‘Chasing UFOs’ Tries Very Hard to Make Something Out of Very Little

Chasing UFOs is being promoted as a high tech investigation into unidentified objects in the skies. But — as sometimes happens with such investigations — it tries very hard to make something out of very little.

The eight-part series follows a team of investigators as they follow up on UFO sightings and alien abduction stories around the United States. For the show’s purposes, apparently, open-minded skeptics Erin Ryder and Ben McGee, and UFOlogist James Fox are disinclined to debunk stories outright. As a result, Chasing UFOs is notable for its mostly straight-faced attempts to cover up a lack of substance, and its unintentional humor. It also runs the risk of feeding paranoia amongst the townspeople that the team interview, if only in a way in which most of the eyewitnesses provide good humored, but largely tongue in cheek accounts of their ‘sightings’ that indicate a deeper mistrust of government activities.

Premiering on 29 June, Chasing UFOs joins a lineup of shows on the National Geographic Channel that hover somewhere between taking an earnest look at unusual phenomena and making mild fun of marginal American subcultures. Like Alaska State Troopers and Doomsday Preppers, it mixes procedural logics with offbeat interviews and far-flung destinations. In its own quasi-scientific way, Chasing UFOs both confirms the obvious and insists on its subject’s significance.

Just so, two early episodes of Chasing UFOs focus on repeat sightings of objects in the sky. In Fresno, California, local people report seeing strange lights over a nearby airbase, while in the Texas towns of Stephenville and Dublin, multiple eyewitnesses claim to have seen triangular lights passing over town. Some witnesses claim to have been physically affected by the UFOs, others link their sightings to a large-scale military cover-up. Ryder, McGee, and Fox collect the statements and stake out sighting areas, which means they set up cameras to monitor any physical effects of the sightings they mean to have.

To increase our anticipation, the program here offers a rapidly edited combination of landscapes, UFO sighting reconstructions, and eyewitness videos. The chasers have their own ways to up the dramatic ante, making use of Geiger counters and night vision goggles for reconnaissance missions, and describe themselves with official job titles like “Tech and Recon.” It’s hard not to raise an eyebrow the first time you see such labels, and indeed, any sense of militaristic urgency they insinuate is soon dissipated.
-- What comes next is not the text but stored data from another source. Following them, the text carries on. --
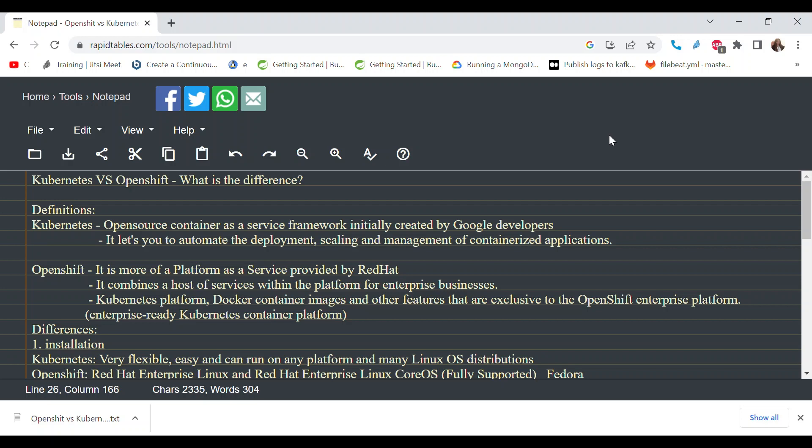My name is Lona and I'm a container management engineer. I basically make sure that containers running in various platforms such as Kubernetes and OpenShift are running okay and the workloads are okay. In this video today, I want us to look at the differences between Kubernetes and OpenShift.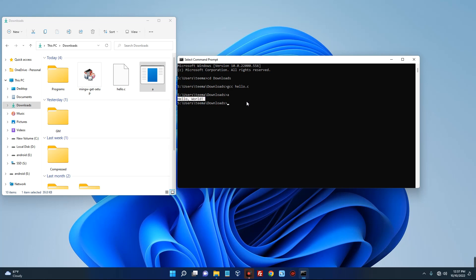Our C compiler has been successfully installed on our Windows 11 PC. Now you can program in C, C++, or Objective-C since we installed all three of them. If you have any questions, use the comment section. If this video was beneficial to you, please hit the subscribe button and turn on post notifications. Thank you for watching and I will see you on the next one.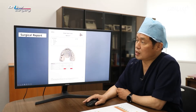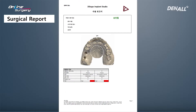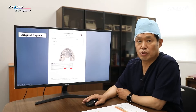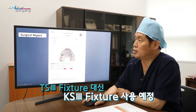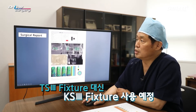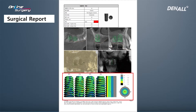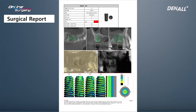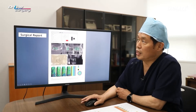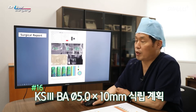In the surgical report, one cast was decided to be used for number 16 and 17. TS3 was recommended, however I decided to use a KS3 implant. In number 16, residual alveolar bone is 10 mm and is sufficient. I'm guessing the bone will be slightly soft, like D2 to D3. A KS3 5.0 by 10 mm implant was planned.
Such dissipation is due partly to the show’s rather disappointing lack of evidence and partly to Fox’s unflappable stated belief in UFOs, regardless of the possibility of more mundane explanations, say, low-flying aircraft. Ryder is at least prepared to describe herself as a “skebeliever,” and McGee keeps tightlipped through early segments, before he repeatedly provides the most rational explanation. The show seems Fox’s passionate belief — usually aligned with that of a witness — is repeatedly contrasted by the downright silliness of the so-called investigations. Herein, the team scrambles around at night over mountainsides, down into ravines and through the woods, all the while filming with their night vision cameras: they generally end up scaring each other.

These sections are the most amusing parts of the show because the team strains so visibly to conjure suspense — as when McGee and Ryder scale a rock face or Fox becomes worried that he is being pursued by a pack of wild hogs. The mystery of the hogs is one that’s left unresolved, but serves to demonstrate how much the show consists of the chasers doing very little chasing. They do, however, sneak around old government bases and remark that their NV cameras remind them of The Blair Witch Project.

Apart from this occasional hilarity, Chasing UFOs does give voice to some interviewees’ suspicions that they’re being followed by the government; as one local UFOlogist puts it, “I believe that I’m getting very close” to proving that his work is being monitored by the military. If nothing else, the show reminds us that some communities see shadowy earthly forces and government surveillance as likely occurrences. The show doesn’t question this casual paranoia overtly, and sometimes actively encourages it, turning its cameras on town hall meetings and interviews. More often than not, Chasing UFOs appears to be “chasing” the slim possibility that its mysteries have even the slightest basis in fact.